PROBLEM REQUIREMENTS: Set down, character for character, everything in the records below from the line holding "New 2026 Audi A8 L 3.0T AWD/4WD image 13" down to the line holding "FERIENHAUS 10 Personen - Bunckman Plus", and no other line.

DATA RECORDS:
^^^^^^^^^^^^^^^^

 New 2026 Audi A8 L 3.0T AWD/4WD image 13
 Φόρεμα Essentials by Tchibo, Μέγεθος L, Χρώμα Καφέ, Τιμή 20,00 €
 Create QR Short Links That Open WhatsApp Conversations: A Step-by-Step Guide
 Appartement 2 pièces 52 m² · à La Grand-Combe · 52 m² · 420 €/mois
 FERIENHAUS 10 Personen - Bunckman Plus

^^^^^^^^^^^^^^^^

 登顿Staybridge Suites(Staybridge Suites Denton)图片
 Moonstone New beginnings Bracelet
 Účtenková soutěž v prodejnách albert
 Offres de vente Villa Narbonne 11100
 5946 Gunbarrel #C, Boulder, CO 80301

^^^^^^^^^^^^^^^^

SOLUTION TO THE PROBLEM:
 New 2026 Audi A8 L 3.0T AWD/4WD image 13
 Φόρεμα Essentials by Tchibo, Μέγεθος L, Χρώμα Καφέ, Τιμή 20,00 €
 Create QR Short Links That Open WhatsApp Conversations: A Step-by-Step Guide
 Appartement 2 pièces 52 m² · à La Grand-Combe · 52 m² · 420 €/mois
 FERIENHAUS 10 Personen - Bunckman Plus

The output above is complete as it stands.